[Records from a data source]
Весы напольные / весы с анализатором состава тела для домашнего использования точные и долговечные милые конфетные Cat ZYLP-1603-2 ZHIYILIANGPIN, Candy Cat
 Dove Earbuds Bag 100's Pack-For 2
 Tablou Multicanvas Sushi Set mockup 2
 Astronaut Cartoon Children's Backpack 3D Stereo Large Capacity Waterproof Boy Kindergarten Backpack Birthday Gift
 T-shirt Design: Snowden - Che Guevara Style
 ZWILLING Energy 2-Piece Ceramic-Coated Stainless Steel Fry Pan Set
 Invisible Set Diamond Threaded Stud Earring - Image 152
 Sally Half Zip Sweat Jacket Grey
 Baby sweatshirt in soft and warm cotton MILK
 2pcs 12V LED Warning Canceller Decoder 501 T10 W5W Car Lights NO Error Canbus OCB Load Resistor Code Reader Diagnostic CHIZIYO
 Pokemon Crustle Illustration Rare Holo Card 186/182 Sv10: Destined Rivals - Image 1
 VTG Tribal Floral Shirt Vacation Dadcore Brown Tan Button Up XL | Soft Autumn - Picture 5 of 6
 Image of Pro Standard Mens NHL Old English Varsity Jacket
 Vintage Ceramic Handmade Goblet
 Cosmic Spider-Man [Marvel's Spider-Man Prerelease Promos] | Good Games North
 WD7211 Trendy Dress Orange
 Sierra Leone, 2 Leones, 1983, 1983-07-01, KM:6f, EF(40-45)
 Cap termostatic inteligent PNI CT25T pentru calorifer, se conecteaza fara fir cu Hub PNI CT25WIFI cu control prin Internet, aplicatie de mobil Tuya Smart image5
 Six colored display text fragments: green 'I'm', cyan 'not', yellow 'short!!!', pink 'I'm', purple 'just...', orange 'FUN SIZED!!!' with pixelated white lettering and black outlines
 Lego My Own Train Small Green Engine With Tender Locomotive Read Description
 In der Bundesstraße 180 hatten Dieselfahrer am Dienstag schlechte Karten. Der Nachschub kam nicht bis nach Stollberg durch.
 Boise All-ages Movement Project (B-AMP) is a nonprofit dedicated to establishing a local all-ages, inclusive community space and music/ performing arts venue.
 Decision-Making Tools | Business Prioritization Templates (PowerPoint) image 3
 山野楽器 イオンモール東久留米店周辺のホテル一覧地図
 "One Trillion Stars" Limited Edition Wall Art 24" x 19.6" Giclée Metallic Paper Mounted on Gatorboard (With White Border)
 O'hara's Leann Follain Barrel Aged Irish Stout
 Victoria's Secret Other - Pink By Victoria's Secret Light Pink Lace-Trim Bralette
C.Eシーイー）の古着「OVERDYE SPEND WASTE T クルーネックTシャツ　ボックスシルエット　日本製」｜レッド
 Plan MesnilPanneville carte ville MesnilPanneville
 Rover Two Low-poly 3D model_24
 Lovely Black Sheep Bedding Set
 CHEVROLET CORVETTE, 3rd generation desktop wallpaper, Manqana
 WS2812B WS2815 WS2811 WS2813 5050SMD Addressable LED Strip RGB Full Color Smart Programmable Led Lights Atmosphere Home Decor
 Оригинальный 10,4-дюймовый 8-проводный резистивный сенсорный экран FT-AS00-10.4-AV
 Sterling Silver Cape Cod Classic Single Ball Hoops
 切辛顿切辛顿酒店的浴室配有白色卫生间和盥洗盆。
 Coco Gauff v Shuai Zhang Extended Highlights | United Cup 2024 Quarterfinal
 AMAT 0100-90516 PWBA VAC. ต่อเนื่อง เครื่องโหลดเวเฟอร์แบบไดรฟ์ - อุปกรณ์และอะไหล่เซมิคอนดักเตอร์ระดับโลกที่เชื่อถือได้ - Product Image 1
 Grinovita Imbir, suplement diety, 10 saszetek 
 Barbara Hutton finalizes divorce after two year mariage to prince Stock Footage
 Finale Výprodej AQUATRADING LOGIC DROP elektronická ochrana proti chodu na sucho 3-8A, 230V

*BRIEF*.
Reproduce verbatim the lines above, from the line with "CHEVROLET CORVETTE, 3rd" through the line with "切辛顿切辛顿酒店的浴室配有白色卫生间和盥洗盆。".

*RESULT OF THIS EXERCISE*.
 CHEVROLET CORVETTE, 3rd generation desktop wallpaper, Manqana
 WS2812B WS2815 WS2811 WS2813 5050SMD Addressable LED Strip RGB Full Color Smart Programmable Led Lights Atmosphere Home Decor
 Оригинальный 10,4-дюймовый 8-проводный резистивный сенсорный экран FT-AS00-10.4-AV
 Sterling Silver Cape Cod Classic Single Ball Hoops
 切辛顿切辛顿酒店的浴室配有白色卫生间和盥洗盆。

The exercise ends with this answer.